Смерть — вот решение всех проблем, но ты не умирай, потерпи до утра, может, все-таки мелькнёт проблеск счастья, новое лицо, новый друг, ещё один шанс из тысячи, ты так молод, не грусти, не умирай, дождись если не счастья, то хотя бы новой дрючки...
Во время войны все мечтают о мире, но ни у кого не хватает мужества сложить оружие и сказать: «Довольно! Хватит с меня!»
Влюбленность оказалась скверной штукой, потому что она научила меня жить во лжи: улыбаться, когда улыбаться не хотелось, трудиться, когда я не верил в труд, жить, когда у меня не было для этого никаких оснований.
Сердце твое работает спазмами. Ты благодарен тем, кто вызывает боль в твоем сердце; ты страдаешь не за них, но страдаешь, чтобы насладиться роскошью страдания.

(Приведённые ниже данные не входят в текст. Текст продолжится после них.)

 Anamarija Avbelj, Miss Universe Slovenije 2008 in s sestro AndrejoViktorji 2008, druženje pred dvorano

Если женщина может вдохнуть любовь к себе в сердце одного мужчины, почему она не может сделать то же самое с другими? Любить или быть любимым — не преступление. Преступление — уверить кого-то, что его или ее ты будешь любить вечно.

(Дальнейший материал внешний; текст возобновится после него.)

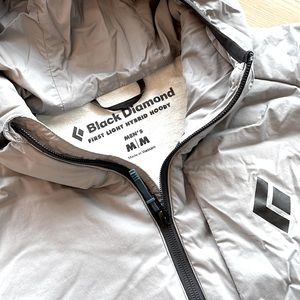 NWOT Black Diamond First Light Primaloft Hybrid Hoody Men’s Medium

Не будет ни плохого, ни страшного, ни злого, если мы отпустим себя. Но людям трудно в это поверить.
Музыка — это не Бах и не Бетховен, а консервный нож для открытия души. Она способствует внутреннему умиротворению, вселяет уверенность в том, что у вас есть крыша над головой.
Вот уже семь лет день и ночь я хожу с одной только мыслью – о ней. <...> Днем и ночью я думал только о ней, даже когда изменял. Мне казалось, что я наконец освободился от нее, но это не так; иногда, свернув за угол, я внезапно узнаю маленький садик – несколько деревьев и скамеек, – где мы когда-то стояли и ссорились, доводя друг друга до исступления дикими сценами ревности.

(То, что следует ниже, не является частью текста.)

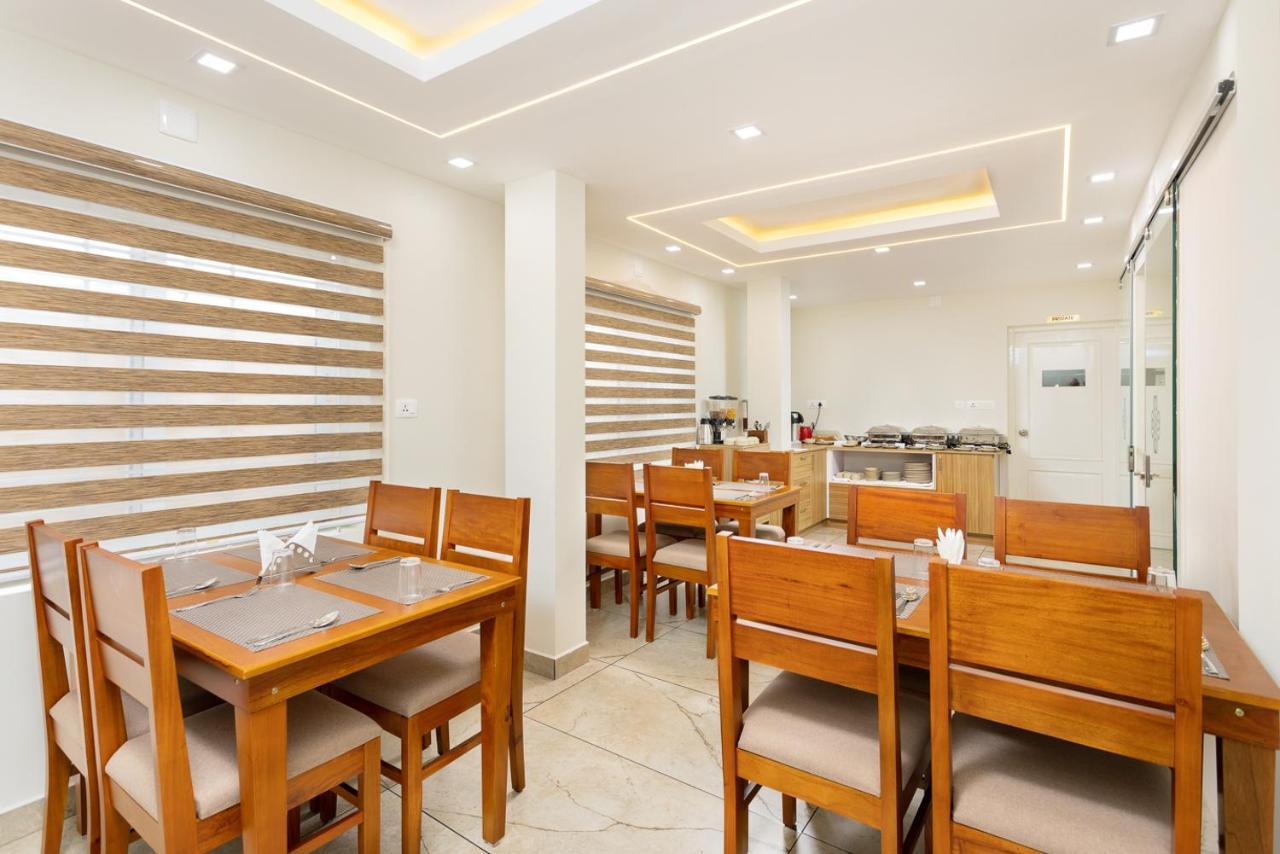 Esaa Airport Hotel Kochi Esterno foto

Люди, как и корабли, тонут снова и снова. Только память спасает их от бесследного рассеивания в пространстве.
Может быть, и приятно знать, что женщина умна, но литература вместо горячего тела — это не то блюдо, которое следует подавать в постели.
Я заметил, что чем лучше люди одеты, тем спокойнее они спят. У них чиста совесть, у этих богатых. Вот бедный – совсем другое дело: стоит ему задремать лишь на минуту – и он сконфужен, ему кажется, что он нанес композитору величайшее оскорбление.
Главное — оставаться собой. Это великое искусство. Это самое трудное, потому что не требует от тебя никаких усилий. Не нужно никому и ничему подражать, не нужно строить из себя мудреца или корчить недоумка… Понимаешь, о чём я? Надо просто говорить своим голосом и заниматься… э-э-э… любимым делом.
В один прекрасный день ты обнаружишь, что у тебя осталась только одна проблема – ты сам.
Что толку было доказывать, что я могу быть таким, каким меня хотят видеть, когда ничем таким я быть не желаю? Всякий раз, как ты достигаешь предела того, чего от тебя требуют, ты сталкиваешься все с той же проблемой — быть самим собой!
Да и вообще, разве может один человек понять душу другого? Разобраться по-настоящему? Вот если б я ногу сломал, он бы все бросил. А тут у тебя сердце разрывается от радости – это, знаете ли, скучновато. Слезы переносить легче, чем радость. Радость деструктивна, от твоей радости другому становится как-то не по себе.
«Заплачь – и будешь плакать в одиночку» – что за чушь! Плачь – и сыщется миллион крокодилов, чтобы проливать слезы вместе с тобой. Мир всегда плачет. Мир промок от слез. Смех – это другое дело. Смех мгновенен, он вспыхнул и погас. А радость – это вид экстатического кровотечения, какое-то стыдное сверхудовольствие, сочащееся изо всех пор твоего существа.
Можно быть счастливым, расчищая уличную слякоть. Главное — чтоб об этом никто не догадался. Потому что стоит им раскрыть твою тайну, пиши пропало! Тебя втопчут в ту самую слякоть, позабыв, что по чистому тротуару ходить куда приятней. Обвинят во всех смертных грехах. Начнут пенять на твою гордыню. Толпа снисходительна, лишь пока считает, что она тебя осчастливила.
Надо только писать, отказавшись от всего другого и не занимаясь больше ничем, только писать, и писать, и писать, даже если весь мир советует бросить и никто не верит в тебя.
Самому дерзкому таланту в области живописи требуется меньше времени для всеобщего признания, чем писателю такого же размаха. Максимум тридцать – сорок лет – и самый яростный революционер-художник усваивается потребителем; писателю для этого нужны порой столетия.